MDM Trigger Apoptosis of CD4+, but not CD8+, T Lymphocytes.
Because CD4+ T lymphocytes are preferentially depleted over CD4+ T cells in HIV-infected individuals, we sought to determine whether MDM induced apoptosis of T lymphocytes is restricted to CD4+ T cells. For this, PBL from five different HIV seropositive individuals (HIV-PBL) were incubated with HIV-infected MDM (HIV-MDM) at different effector (HIV-MDM) to target (HIV-PBL) ratios. After 36 h of coincubation, PBLs were analyzed using flow cytometry to determine the level of apoptosis with CD4+ and CD8+ T cells. Spontaneous apoptosis was higher in CD8+ than CD4+ T cells (Fig. 2). Increasing the effector to target ratio resulted in a progressive increase in the level of CD4+ T cell apoptosis in all patients, an effect that was not observed in CD8+ T lymphocytes from the same HIVinfected individual (Fig. 2). These results indicate that MDM can trigger selective apoptosis of susceptible CD4+ T lymphocytes.
|
|
|
TNF Participates in the MDM-triggered Apoptosis of CD4+ T cells from HIV Seropositive Individuals.
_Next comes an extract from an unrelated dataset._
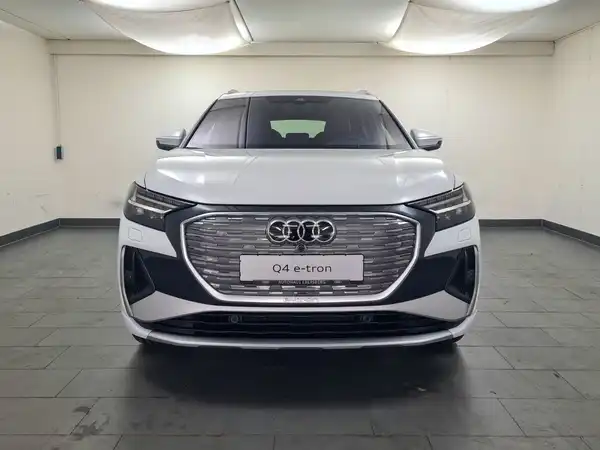 AUDI Q4 55 e-tron quattro S line (3/18)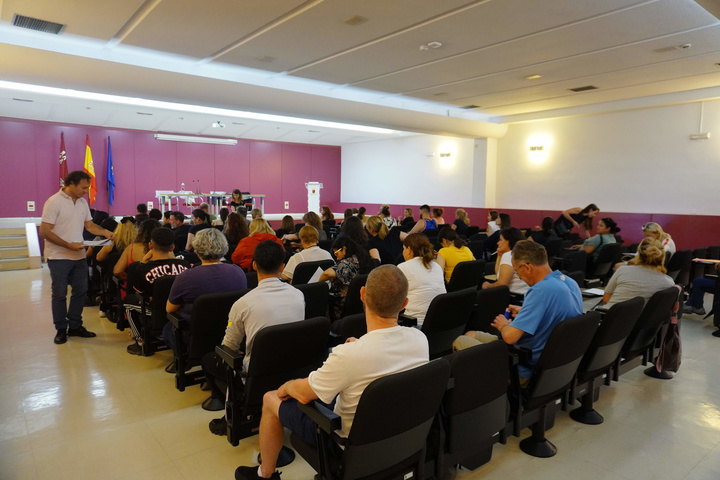 Imagen de los participantes que se presentaron a las pruebas de competencias clave en la sede de Murcia (1)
TNF is present as a soluble or cell membrane bound form (6), is produced by macrophages (42), and, as for FasL, can cause apoptosis of activated T cells (8, 9). To determine whether TNF participates in the apoptosis of CD4+ T lymphocytes mediated by MDM, PBLs from five HIV-infected individuals were coincubated with uninfected and HIV-infected MDM for 48 h in the presence or absence of the human TNFRFc fusion protein. This incubation period was selected to allow for possible differences in the timing of induction of T lymphocyte apoptosis by FasL and TNF (9). In parallel, we tested possible additive or synergistic effects between TNF and FasL using FasFc fusion proteins. As shown in Fig. 5, FasFc inhibited the HIV-MDM induced apoptosis of CD4+ T lymphocytes from the five HIV-infected individuals (compare lanes 2 and 3). However, TNFRFc also reduced CD4+ T cell apoptosis from the same individuals to a similar degree to that observed with FasFc (compare lanes 2–4). Interestingly, combining of TNFRFc and FasFc resulted in an additive inhibition of HIV-MDM mediated apoptosis of CD4+ T cells (lane 5). CD40Fc, included to control for the specificity of fusion protein dependent inhibition, reduced the MDM-mediated apoptosis of CD4+ T cells in three patients, albeit to a lower degree than FasFc or TNFRFc (lane 6). Altogether, these results indicate that FasL and TNF participate in the selective apoptosis of CD4+ T cells from HIV-infected individuals mediated by human macrophages.
|
| Discussion |
|---|
|
|
|---|
A large number of studies addressing apoptosis of PBL from HIV-infected individuals have demonstrated that ex vivo activation of PBL from HIV-infected individuals results in enhanced CD4+, but also CD8+ T cell apoptosis (14, 15, 18, 32, 43), hence raising doubts about the relevance of this observation to the in vivo CD4+ T cell depletion observed in HIV-infected individuals. Our results indicate that macrophage-PBL interactions do not further enhance the spontaneous apoptosis of CD8+ T cells, but selectively increases CD4+ T cell apoptosis. This in vitro finding may be of relevance to the pathogenesis of HIV where selective CD4+ T cell depletion is observed, and which correlates with animal models of AIDS where ex vivo apoptosis of PBL is primarily enhanced within CD4+ T cells (18). It is possible that differences in susceptibility to macrophage-bearing apoptosis-inducing ligands (FasL and TNF) between CD4+ and CD8+ T cells account for such selectivity. Alternatively, the frequency or affinity of the interaction between macrophages and CD4+ T cells is higher than between macrophages and CD8+.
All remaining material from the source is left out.